◆ **What you have to do**: With both ends included, transcribe exactly the records below from their first line to the line that contains "Race Course Park".

Records from a collection:
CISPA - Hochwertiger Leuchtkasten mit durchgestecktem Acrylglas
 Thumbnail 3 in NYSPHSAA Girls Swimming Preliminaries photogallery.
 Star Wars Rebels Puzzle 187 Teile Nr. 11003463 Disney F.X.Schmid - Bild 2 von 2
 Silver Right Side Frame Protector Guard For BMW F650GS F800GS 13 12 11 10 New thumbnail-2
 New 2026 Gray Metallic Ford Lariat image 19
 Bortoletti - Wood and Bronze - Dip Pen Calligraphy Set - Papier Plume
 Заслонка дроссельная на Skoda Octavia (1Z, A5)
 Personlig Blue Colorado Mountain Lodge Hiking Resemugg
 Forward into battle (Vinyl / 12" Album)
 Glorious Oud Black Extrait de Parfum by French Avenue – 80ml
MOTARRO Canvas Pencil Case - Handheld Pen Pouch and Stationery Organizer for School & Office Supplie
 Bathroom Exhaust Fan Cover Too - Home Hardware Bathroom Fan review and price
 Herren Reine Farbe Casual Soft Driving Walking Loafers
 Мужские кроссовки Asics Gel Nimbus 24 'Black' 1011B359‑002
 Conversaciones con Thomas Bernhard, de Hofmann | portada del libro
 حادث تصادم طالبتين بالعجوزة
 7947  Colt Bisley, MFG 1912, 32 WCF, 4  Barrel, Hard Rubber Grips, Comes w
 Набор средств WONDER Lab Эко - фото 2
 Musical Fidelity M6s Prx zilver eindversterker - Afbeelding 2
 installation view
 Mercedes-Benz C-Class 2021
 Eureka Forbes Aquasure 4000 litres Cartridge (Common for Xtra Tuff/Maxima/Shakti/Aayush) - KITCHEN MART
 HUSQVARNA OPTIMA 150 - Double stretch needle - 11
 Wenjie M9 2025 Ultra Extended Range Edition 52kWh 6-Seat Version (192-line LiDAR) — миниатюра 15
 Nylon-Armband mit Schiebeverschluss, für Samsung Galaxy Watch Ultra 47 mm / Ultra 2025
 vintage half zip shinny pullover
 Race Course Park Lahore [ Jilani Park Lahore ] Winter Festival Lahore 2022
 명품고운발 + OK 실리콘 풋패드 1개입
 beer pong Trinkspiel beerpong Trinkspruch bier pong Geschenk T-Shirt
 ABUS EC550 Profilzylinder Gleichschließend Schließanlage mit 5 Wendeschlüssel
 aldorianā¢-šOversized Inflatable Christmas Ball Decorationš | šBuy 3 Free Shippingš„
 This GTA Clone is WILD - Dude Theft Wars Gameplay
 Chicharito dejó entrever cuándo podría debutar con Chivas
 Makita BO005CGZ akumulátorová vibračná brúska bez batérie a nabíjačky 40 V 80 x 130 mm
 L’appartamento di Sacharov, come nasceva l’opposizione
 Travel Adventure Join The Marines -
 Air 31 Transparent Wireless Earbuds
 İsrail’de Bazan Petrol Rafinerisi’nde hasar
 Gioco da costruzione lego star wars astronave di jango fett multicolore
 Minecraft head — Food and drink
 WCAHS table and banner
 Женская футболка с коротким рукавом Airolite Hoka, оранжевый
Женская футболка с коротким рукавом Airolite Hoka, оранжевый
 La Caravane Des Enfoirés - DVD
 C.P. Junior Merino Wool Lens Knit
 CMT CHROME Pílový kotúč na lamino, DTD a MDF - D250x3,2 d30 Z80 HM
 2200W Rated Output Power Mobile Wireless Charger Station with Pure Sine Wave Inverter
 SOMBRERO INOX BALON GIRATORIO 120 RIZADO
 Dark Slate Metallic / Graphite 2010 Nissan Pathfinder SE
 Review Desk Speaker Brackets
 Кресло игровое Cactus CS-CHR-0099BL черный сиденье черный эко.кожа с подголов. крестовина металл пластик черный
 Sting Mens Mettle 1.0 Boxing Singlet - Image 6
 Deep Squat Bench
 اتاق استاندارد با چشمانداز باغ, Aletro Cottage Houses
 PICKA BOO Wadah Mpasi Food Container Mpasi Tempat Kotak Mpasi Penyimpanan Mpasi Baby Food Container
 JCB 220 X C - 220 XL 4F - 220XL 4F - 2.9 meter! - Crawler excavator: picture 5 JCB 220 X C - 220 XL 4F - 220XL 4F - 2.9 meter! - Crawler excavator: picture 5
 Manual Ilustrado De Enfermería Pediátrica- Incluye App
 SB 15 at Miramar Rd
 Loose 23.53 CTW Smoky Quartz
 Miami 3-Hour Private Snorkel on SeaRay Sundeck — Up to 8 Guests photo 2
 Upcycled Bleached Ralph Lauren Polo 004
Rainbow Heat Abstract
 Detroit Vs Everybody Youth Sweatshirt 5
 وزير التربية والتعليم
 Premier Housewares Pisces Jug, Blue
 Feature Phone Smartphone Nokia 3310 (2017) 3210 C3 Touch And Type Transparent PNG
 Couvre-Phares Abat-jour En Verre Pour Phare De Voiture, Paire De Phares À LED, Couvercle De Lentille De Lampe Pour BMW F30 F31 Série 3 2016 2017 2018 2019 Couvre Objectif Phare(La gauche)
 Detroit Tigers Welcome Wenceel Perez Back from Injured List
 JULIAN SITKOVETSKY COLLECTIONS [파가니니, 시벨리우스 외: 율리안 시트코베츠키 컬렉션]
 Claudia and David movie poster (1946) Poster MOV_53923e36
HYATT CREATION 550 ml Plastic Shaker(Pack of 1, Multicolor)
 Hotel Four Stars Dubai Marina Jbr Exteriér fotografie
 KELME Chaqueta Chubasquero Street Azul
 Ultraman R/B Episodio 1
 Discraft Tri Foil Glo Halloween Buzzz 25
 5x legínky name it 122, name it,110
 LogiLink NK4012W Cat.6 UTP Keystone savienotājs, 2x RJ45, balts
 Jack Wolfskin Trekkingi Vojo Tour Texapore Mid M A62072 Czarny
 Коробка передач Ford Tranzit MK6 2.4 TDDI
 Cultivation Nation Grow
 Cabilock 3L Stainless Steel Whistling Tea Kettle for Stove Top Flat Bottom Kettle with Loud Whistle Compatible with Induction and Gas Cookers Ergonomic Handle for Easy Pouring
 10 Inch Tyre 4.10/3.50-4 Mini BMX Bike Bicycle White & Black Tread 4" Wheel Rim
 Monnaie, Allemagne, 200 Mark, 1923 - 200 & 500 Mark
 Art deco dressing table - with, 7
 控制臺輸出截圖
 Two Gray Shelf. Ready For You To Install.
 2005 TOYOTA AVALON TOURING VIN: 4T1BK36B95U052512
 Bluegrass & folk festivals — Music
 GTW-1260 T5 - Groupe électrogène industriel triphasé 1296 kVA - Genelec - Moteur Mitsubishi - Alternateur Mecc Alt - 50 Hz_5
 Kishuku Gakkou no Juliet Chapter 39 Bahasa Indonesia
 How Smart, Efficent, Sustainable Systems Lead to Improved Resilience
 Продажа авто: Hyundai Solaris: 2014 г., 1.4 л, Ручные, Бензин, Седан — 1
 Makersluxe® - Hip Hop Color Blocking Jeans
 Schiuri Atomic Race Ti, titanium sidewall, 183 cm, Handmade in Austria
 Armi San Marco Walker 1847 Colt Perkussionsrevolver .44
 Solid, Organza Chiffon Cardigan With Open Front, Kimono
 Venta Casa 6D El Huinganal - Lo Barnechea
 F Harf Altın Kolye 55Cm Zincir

◆ **Answer section**:
CISPA - Hochwertiger Leuchtkasten mit durchgestecktem Acrylglas
 Thumbnail 3 in NYSPHSAA Girls Swimming Preliminaries photogallery.
 Star Wars Rebels Puzzle 187 Teile Nr. 11003463 Disney F.X.Schmid - Bild 2 von 2
 Silver Right Side Frame Protector Guard For BMW F650GS F800GS 13 12 11 10 New thumbnail-2
 New 2026 Gray Metallic Ford Lariat image 19
 Bortoletti - Wood and Bronze - Dip Pen Calligraphy Set - Papier Plume
 Заслонка дроссельная на Skoda Octavia (1Z, A5)
 Personlig Blue Colorado Mountain Lodge Hiking Resemugg
 Forward into battle (Vinyl / 12" Album)
 Glorious Oud Black Extrait de Parfum by French Avenue – 80ml
MOTARRO Canvas Pencil Case - Handheld Pen Pouch and Stationery Organizer for School & Office Supplie
 Bathroom Exhaust Fan Cover Too - Home Hardware Bathroom Fan review and price
 Herren Reine Farbe Casual Soft Driving Walking Loafers
 Мужские кроссовки Asics Gel Nimbus 24 'Black' 1011B359‑002
 Conversaciones con Thomas Bernhard, de Hofmann | portada del libro
 حادث تصادم طالبتين بالعجوزة
 7947  Colt Bisley, MFG 1912, 32 WCF, 4  Barrel, Hard Rubber Grips, Comes w
 Набор средств WONDER Lab Эко - фото 2
 Musical Fidelity M6s Prx zilver eindversterker - Afbeelding 2
 installation view
 Mercedes-Benz C-Class 2021
 Eureka Forbes Aquasure 4000 litres Cartridge (Common for Xtra Tuff/Maxima/Shakti/Aayush) - KITCHEN MART
 HUSQVARNA OPTIMA 150 - Double stretch needle - 11
 Wenjie M9 2025 Ultra Extended Range Edition 52kWh 6-Seat Version (192-line LiDAR) — миниатюра 15
 Nylon-Armband mit Schiebeverschluss, für Samsung Galaxy Watch Ultra 47 mm / Ultra 2025
 vintage half zip shinny pullover
 Race Course Park Lahore [ Jilani Park Lahore ] Winter Festival Lahore 2022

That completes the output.